-------- Extracted records --------
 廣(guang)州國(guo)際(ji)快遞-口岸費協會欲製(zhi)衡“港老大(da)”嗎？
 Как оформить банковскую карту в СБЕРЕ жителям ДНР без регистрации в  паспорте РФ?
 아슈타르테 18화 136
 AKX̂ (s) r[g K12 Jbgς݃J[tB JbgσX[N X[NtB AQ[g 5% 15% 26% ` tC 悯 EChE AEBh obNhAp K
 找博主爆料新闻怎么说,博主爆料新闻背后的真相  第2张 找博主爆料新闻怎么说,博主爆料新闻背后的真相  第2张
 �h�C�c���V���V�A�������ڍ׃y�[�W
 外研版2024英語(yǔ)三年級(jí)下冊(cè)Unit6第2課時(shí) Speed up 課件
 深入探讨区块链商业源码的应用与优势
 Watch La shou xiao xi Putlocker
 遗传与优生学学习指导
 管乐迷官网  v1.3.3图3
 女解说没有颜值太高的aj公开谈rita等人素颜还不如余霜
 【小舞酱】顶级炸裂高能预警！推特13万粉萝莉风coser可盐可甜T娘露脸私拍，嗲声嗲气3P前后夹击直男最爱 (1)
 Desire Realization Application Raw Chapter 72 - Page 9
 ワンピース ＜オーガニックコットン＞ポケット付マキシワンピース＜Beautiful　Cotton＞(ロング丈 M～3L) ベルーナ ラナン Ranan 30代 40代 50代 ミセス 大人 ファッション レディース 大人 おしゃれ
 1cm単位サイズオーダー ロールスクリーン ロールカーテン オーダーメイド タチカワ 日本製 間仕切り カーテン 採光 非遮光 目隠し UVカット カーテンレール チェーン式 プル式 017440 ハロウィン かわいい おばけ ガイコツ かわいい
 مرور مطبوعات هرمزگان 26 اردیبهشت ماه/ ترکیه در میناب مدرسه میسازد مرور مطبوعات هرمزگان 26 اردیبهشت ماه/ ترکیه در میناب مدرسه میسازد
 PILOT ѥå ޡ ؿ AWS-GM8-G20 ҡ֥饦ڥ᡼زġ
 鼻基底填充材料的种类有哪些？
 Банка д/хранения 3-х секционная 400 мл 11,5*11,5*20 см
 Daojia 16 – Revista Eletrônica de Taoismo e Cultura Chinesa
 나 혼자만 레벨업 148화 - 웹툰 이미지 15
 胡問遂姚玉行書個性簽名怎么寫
--------
• [Exercise goal]: Counting the line that contains "Daojia 16 –" as the first, copy exactly every line through the end of the records, and nothing else.

• [Answer box]:
 Daojia 16 – Revista Eletrônica de Taoismo e Cultura Chinesa
 나 혼자만 레벨업 148화 - 웹툰 이미지 15
 胡問遂姚玉行書個性簽名怎么寫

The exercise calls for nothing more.